Subject: Re: Firmware upload - generalize it?
To: None <tech-kern@NetBSD.org>
From: der Mouse <mouse@Rodents.Montreal.QC.CA>
List: tech-kern
Date: 06/01/2005 02:24:40
> As I've asked before, how many namespaces do we really need to have
> in our system (beyond system calls and filesystem names, I suppose)
> and why, exactly, is it a good thing for those namespaces to
> proliferate?
I think most of the ones we need, we have to keep for compatability,
either with historical practice or with other OSes we want to be
binary-compatible with.
But I can think of quite a number of namespaces, some of them naming
the same, or nearly the same, things.

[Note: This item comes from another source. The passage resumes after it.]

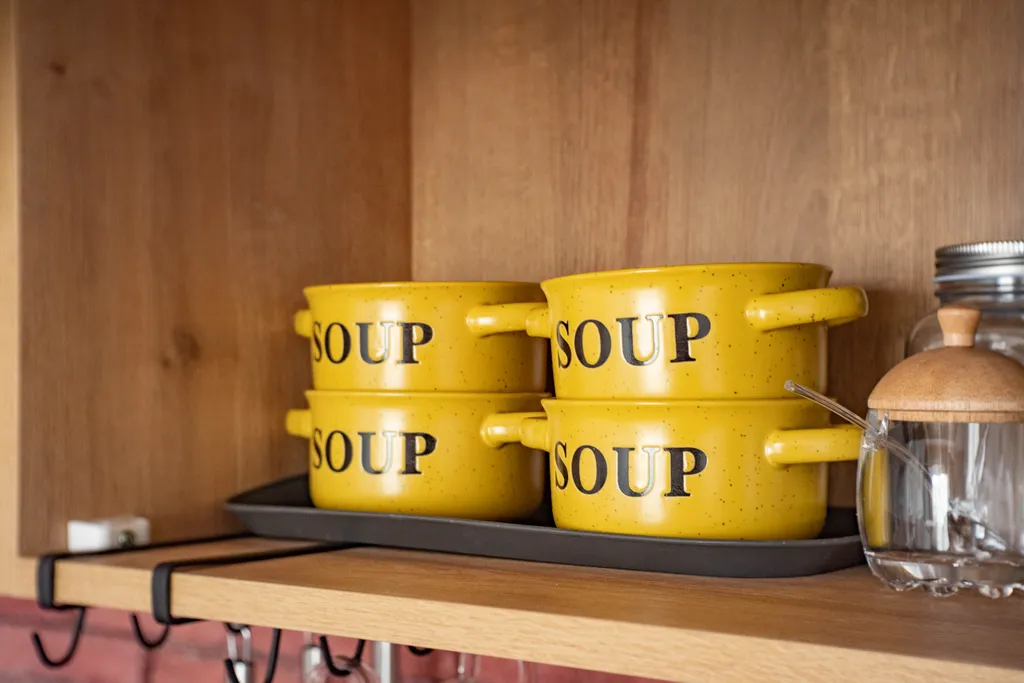 Апартамент с видом на горы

I'm restricting myself to names
that cross the user/kernel boundary, or there would be a lot more. In
cases I expect doubt, I name some calls that use them.
I must say, I'm astonished at how many different namespaces I find when
I start looking for them.
- system call numbers (you mentioned this one)
- filesystem paths (you mentioned this one)
- network interface names (mentioned upthread)
- user IDs
- user names (setlogin, getlogin)
- group IDs (setgroups, getgroups)
- process IDs, which also get used as
- process group IDs (setpgid)
- session IDs (getsid)
- sysctl nodes
- SysV shared memory segment IDs
- SysV semaphore IDs
- SysV message queue IDs
- file descriptors
- AF_LOCAL socket addresses[%]
- AF_INET socket addresses
- AF_INET6 socket addresses
- socket addresses in other address families[$]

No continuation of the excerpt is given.